- [HOW TO COMPLETE THIS TASK]: Retype only what runs from the beginning of the data through the line with "A vintage 1950's"; please omit the pictures and keep every line exact.

[Short text fragments from websites]
*** Block opens ***
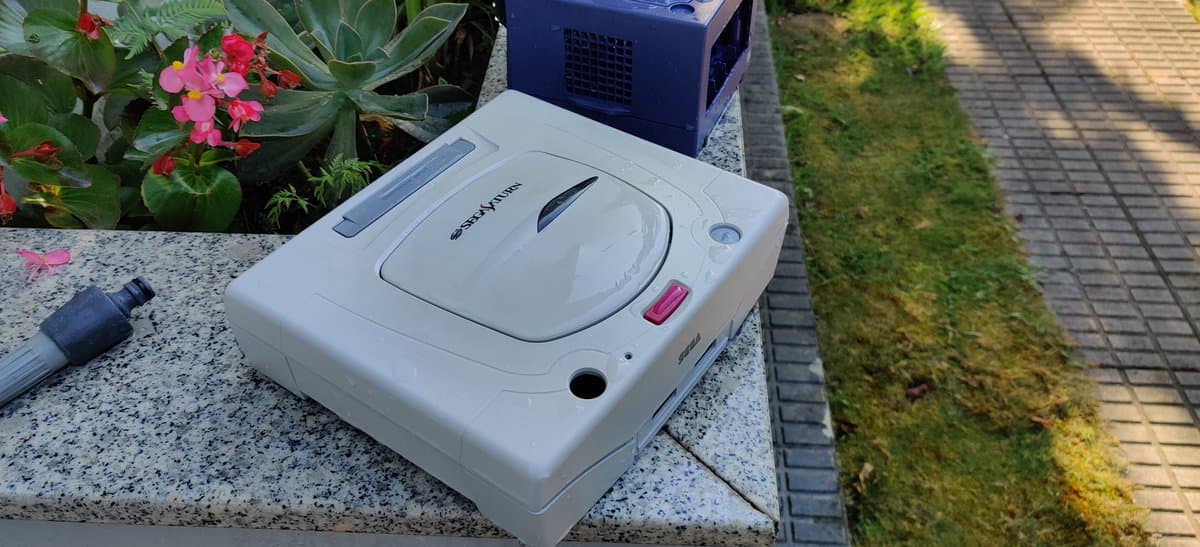 White Nintendo GameCube undergoing retrobrighting treatment outdoors on concrete surface near flowers and moss-covered pathway.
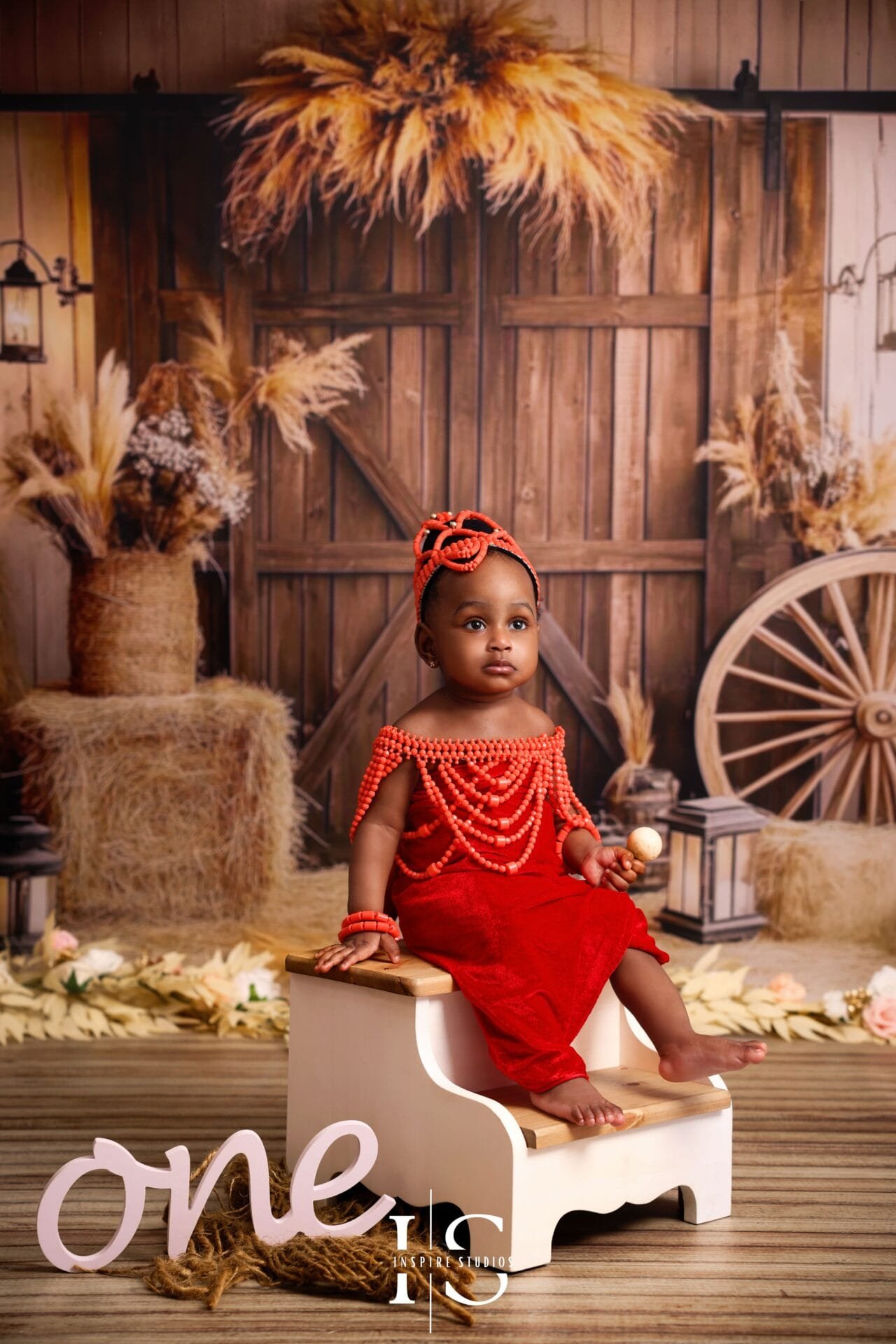 Child celebrating their first birthday during a boho-themed kids photoshoot in a London studio.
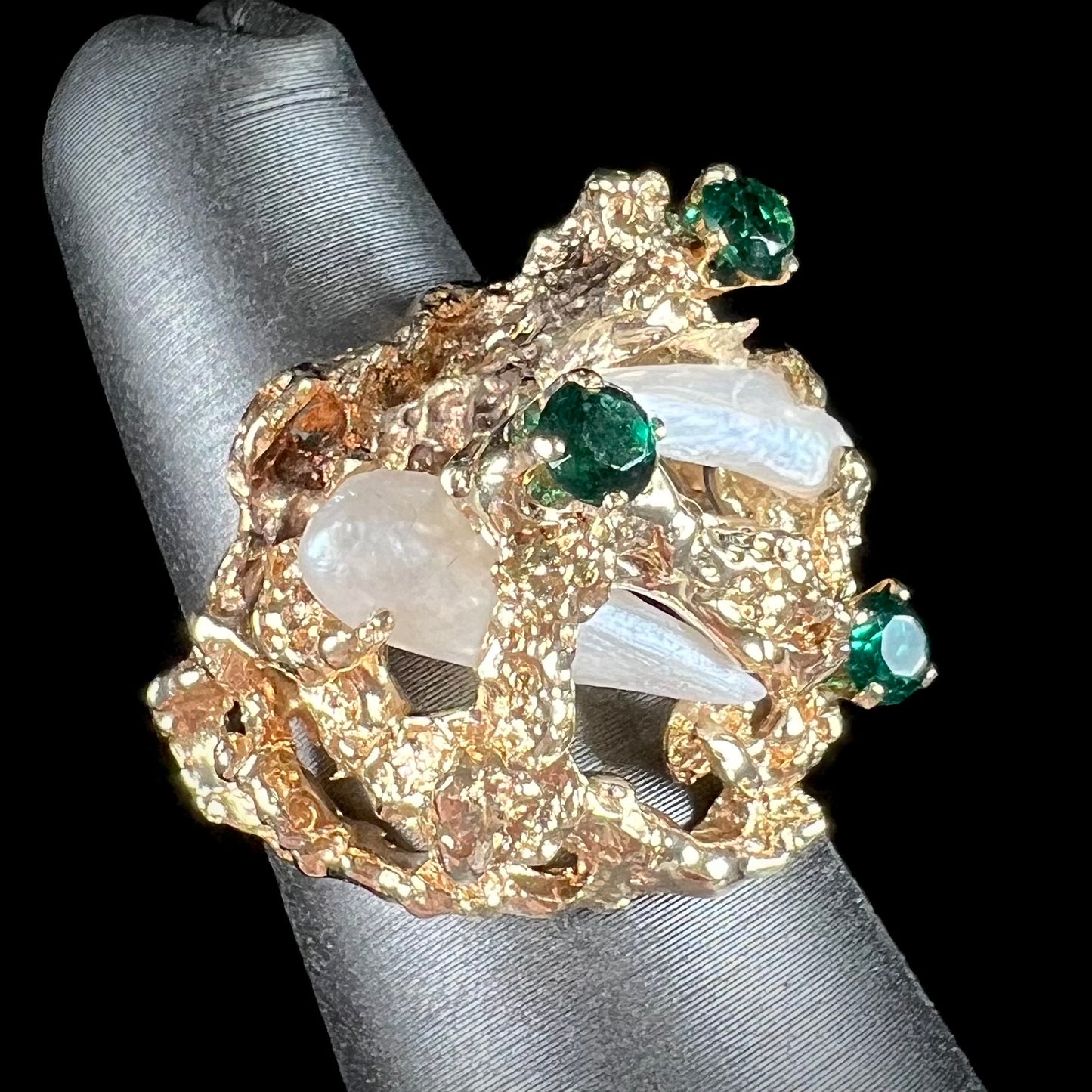 A vintage 1950's gold cluster ring set with freshwater pearls and green imitation emeralds.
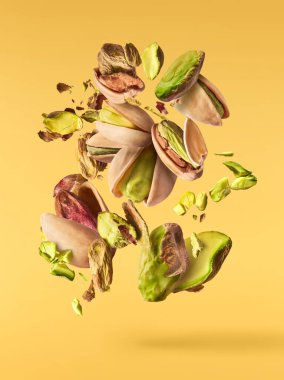 Havada taze çiğ olarak uçuyor ve sarı arka planda izole edilmiş fındık fıstıkları kırıyor. Pistachios kavramı yakın plan parçalara ayrıldı. Yüksek çözünürlük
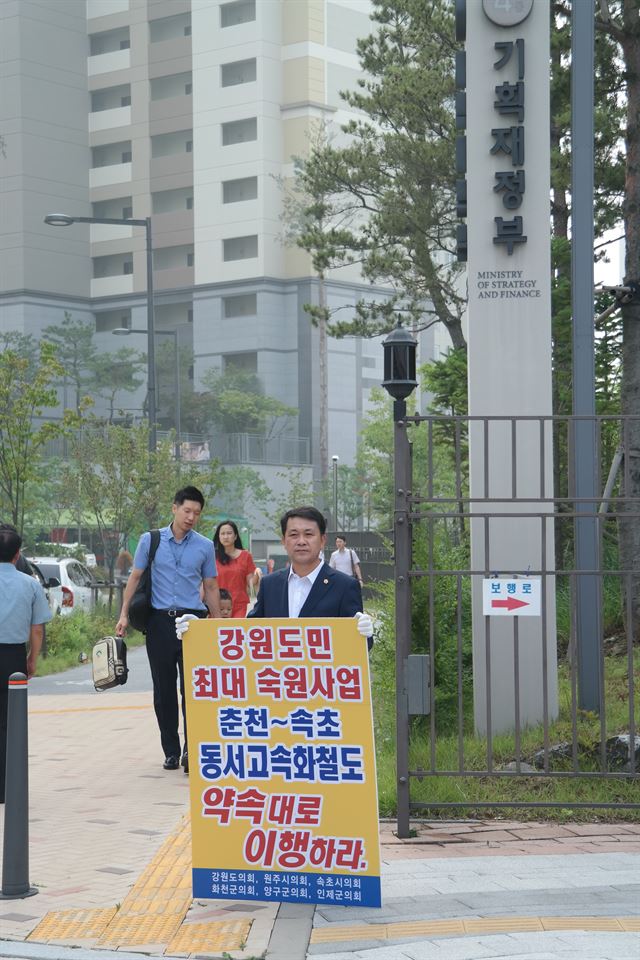 김시성 강원도의회 의장이 14일 오전 정부세종청사 기획재정부 정문 앞에서 대통령 공약사업인 춘천∼속초 동서고속화철도 조기 건설을 촉구하는 1인 시위를 하고 있다. 강원도의회 제공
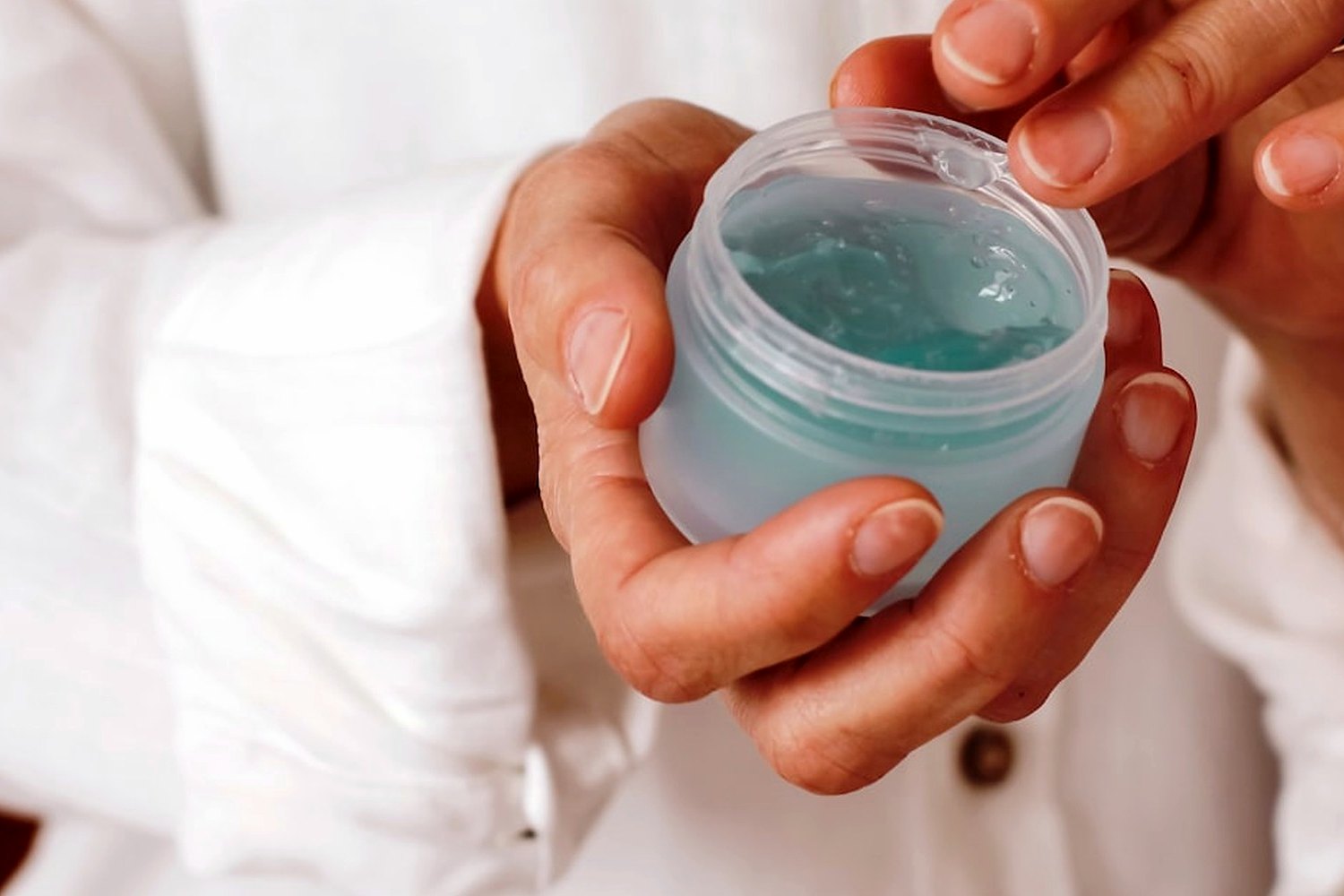 Hands holding skincare product for Matte sunscreen without a chalky finish.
*** Block closes ***
- [RESULT FOR THIS TASK]:
 White Nintendo GameCube undergoing retrobrighting treatment outdoors on concrete surface near flowers and moss-covered pathway.
 Child celebrating their first birthday during a boho-themed kids photoshoot in a London studio.
 A vintage 1950's gold cluster ring set with freshwater pearls and green imitation emeralds.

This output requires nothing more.